Can you help me understand Luke 14:26?

Last Sunday’s readings said this, and I am confused, please help me thanks.

Jesus stated in Luke 14:26:
“If anyone comes to me without hating his father and mother,wife and children, brothers and sisters,and even his own life,he cannot be my disciple.

Yes, that teaching from Jesus certainly catches one’s attention, doesn’t it? How could Jesus be telling us to hate anyone, especially our own family members? After all, elsewhere Jesus tells us that we are not supposed to even hate our enemies. According to the Ignatius Study Bible’s elaboration on this verse:

14:26 hate: An idiomatic term meaning “to love less” (Gen 29:31-33; Mal 1:2-3). Not even the sacredness of family loyalty should outweigh our commitment to Christ, since we must be willing to abandon even close relationships to follow him (Mt 10:37) (CCC 1618, 2544).

  • Scott Hahn, Curtis Mitch, Ignatius Catholic Study Bible: New Testament (Ignatius Press: San Francisco, 2010), 136.

With this in mind, we should examine this gospel passage along the lines of favoring someone less than another. Note that the Catholic Spanish Lectionary presents Luke 14:26 as (and I will use bold text for emphasis), “Si alguno quiere seguirme y no me prefiere a su padre y a su madre …no puede ser mi discípulo” which, in English, is, “If someone wants to follow me and does not prefer me to his father and to his mother …he cannot be my disciple.” Here the translators decided to express what was probably meant (“does not prefer”) rather than what was literally said (“hate”). Such are the sorts of challenges that beset scholars when trying to translate the Bible into different languages.

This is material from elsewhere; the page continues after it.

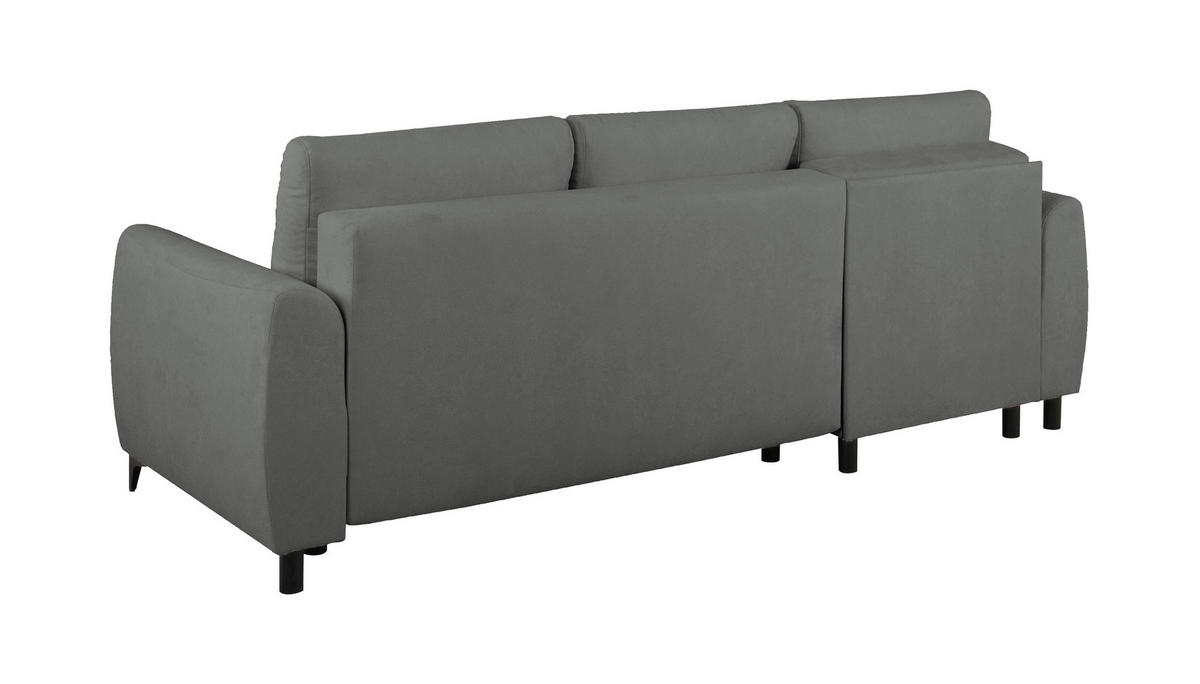 ECKSOFA Moli Dunkelgrau Bouclé  - Dunkelgrau/Schwarz, Design, Textil/Metall (236/148cm) - MID.YOU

Nevertheless, we still want to be careful not to water down Jesus’ words, because he was still making a very strong statement. In the ancient world, there was a sacredness attached to family loyalty, and one’s family was among the most important things in one’s life. But Jesus tells us that our relationship with him has to be our top priority, even over our families, even over our own lives. As Vatican II explains, we are to “strive to please God rather than men, always ready to abandon everything for Christ” (Apostolicam Actuositatem, 4).